* Source information:
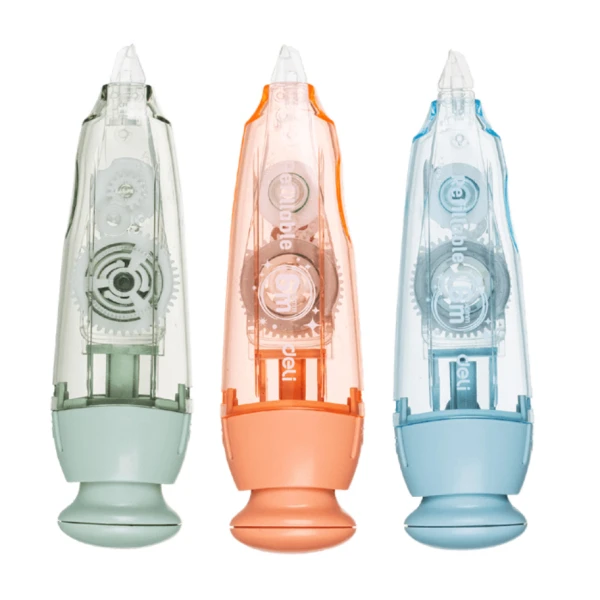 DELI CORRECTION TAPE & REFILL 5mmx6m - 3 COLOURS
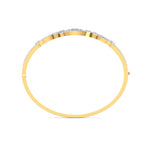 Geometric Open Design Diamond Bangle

...

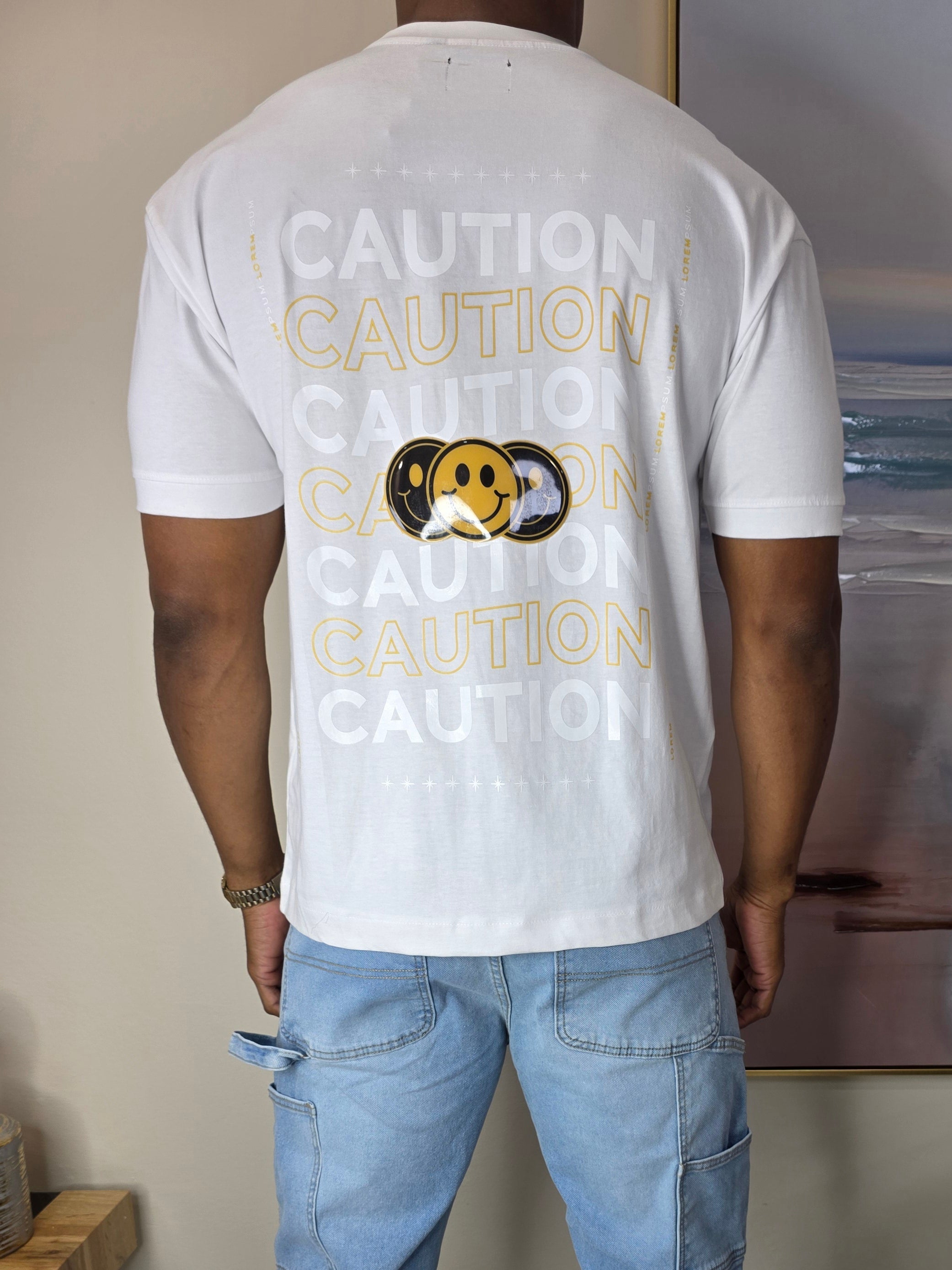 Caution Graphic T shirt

* Task brief: In the listing above, find the line containing "DELI CORRECTION TAPE" and the line containing "Geometric Open Design Diamond Bangle". Reproduce those lines and all between them exactly, with no pictures and nothing more.

* Exercise response:
 DELI CORRECTION TAPE & REFILL 5mmx6m - 3 COLOURS
 Geometric Open Design Diamond Bangle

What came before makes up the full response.